▸ **PROBLEM TO SOLVE**: Search the records for the word "Brown" and report each line that has it.

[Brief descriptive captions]
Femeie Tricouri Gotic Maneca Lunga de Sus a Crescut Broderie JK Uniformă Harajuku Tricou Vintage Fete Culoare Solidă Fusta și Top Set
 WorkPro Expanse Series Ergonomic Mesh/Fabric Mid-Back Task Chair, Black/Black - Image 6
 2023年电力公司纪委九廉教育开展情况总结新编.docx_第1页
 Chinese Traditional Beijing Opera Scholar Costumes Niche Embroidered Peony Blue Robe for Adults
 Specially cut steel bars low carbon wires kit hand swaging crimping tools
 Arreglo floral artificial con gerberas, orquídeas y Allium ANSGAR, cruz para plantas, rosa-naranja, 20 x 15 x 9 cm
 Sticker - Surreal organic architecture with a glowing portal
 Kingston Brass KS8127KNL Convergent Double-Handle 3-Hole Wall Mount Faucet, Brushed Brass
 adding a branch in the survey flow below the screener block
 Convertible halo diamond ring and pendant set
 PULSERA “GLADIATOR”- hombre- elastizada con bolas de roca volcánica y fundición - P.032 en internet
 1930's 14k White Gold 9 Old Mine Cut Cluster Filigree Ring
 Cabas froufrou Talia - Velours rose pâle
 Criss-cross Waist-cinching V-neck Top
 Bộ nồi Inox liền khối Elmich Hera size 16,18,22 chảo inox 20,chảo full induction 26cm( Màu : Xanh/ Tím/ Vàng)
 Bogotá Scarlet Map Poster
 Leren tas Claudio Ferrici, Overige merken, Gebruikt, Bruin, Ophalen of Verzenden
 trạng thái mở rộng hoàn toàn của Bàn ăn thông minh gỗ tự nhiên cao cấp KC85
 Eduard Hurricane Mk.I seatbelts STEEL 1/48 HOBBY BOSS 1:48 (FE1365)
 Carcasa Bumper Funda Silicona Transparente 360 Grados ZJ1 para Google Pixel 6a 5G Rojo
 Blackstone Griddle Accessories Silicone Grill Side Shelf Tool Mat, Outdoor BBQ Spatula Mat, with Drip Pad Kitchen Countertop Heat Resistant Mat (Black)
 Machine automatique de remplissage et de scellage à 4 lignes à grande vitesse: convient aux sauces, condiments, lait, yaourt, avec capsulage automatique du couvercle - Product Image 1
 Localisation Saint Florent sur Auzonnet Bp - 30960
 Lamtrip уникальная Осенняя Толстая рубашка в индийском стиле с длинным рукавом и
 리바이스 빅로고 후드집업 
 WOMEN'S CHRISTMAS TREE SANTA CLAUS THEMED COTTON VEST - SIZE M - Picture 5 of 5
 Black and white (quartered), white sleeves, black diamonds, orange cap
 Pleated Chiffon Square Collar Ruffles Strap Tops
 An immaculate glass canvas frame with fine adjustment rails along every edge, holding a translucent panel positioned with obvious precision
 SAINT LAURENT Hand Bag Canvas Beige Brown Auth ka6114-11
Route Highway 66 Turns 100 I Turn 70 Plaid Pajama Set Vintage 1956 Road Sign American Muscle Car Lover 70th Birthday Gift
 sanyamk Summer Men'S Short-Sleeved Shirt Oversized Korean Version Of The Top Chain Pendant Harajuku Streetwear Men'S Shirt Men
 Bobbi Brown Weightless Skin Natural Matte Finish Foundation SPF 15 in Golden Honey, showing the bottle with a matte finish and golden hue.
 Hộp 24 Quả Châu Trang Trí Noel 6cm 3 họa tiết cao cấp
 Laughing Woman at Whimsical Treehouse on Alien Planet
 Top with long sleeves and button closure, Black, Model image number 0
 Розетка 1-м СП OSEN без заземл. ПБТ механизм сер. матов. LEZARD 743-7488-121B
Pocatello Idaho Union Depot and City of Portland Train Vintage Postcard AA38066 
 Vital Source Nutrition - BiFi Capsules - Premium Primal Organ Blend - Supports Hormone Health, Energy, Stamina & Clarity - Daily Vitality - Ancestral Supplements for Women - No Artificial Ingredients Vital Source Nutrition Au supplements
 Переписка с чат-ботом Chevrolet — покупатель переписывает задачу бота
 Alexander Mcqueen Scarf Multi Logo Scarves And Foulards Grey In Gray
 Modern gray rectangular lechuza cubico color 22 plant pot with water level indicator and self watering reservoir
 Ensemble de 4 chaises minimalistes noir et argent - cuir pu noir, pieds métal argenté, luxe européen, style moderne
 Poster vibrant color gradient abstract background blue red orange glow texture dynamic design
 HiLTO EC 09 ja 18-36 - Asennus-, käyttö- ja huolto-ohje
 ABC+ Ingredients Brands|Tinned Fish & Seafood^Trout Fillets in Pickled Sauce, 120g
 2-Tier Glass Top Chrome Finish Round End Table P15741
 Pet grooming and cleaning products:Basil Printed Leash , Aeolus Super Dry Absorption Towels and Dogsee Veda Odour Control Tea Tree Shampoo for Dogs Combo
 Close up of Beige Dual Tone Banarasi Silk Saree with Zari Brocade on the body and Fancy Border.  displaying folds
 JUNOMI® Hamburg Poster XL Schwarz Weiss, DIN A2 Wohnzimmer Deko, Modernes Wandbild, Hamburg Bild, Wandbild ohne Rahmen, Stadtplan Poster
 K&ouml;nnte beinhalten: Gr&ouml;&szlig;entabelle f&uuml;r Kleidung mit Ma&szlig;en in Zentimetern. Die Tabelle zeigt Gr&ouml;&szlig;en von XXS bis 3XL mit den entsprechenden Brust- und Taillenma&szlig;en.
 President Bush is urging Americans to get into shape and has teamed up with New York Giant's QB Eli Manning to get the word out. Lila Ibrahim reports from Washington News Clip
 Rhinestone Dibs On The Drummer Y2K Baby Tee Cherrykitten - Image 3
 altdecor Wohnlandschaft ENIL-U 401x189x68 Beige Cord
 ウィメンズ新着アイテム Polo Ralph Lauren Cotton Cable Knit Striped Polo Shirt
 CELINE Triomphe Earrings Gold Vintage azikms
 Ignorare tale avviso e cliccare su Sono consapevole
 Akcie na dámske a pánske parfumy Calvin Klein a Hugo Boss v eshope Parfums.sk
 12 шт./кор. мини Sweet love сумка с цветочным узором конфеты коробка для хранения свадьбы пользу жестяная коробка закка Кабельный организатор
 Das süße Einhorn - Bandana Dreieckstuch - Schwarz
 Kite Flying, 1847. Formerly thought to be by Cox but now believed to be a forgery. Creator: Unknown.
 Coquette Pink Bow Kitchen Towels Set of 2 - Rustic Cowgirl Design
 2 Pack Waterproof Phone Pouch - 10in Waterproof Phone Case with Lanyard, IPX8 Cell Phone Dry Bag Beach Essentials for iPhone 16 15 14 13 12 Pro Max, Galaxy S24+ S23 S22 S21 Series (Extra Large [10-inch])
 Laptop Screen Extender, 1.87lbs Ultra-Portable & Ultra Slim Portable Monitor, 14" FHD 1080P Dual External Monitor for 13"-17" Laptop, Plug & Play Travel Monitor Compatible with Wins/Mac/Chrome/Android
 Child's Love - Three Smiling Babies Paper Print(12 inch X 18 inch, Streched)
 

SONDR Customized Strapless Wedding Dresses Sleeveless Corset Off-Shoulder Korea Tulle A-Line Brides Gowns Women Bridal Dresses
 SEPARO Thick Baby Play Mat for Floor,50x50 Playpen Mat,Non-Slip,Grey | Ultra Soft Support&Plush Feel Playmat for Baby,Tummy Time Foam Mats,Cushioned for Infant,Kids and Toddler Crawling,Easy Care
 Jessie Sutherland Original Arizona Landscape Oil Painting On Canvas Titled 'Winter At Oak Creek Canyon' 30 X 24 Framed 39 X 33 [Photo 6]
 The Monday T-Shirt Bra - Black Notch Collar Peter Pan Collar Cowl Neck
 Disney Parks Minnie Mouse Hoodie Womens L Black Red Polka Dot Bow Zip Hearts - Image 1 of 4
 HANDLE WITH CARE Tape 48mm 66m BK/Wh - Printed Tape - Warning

▸ **EXERCISE RESULT**:
 SAINT LAURENT Hand Bag Canvas Beige Brown Auth ka6114-11
 Bobbi Brown Weightless Skin Natural Matte Finish Foundation SPF 15 in Golden Honey, showing the bottle with a matte finish and golden hue.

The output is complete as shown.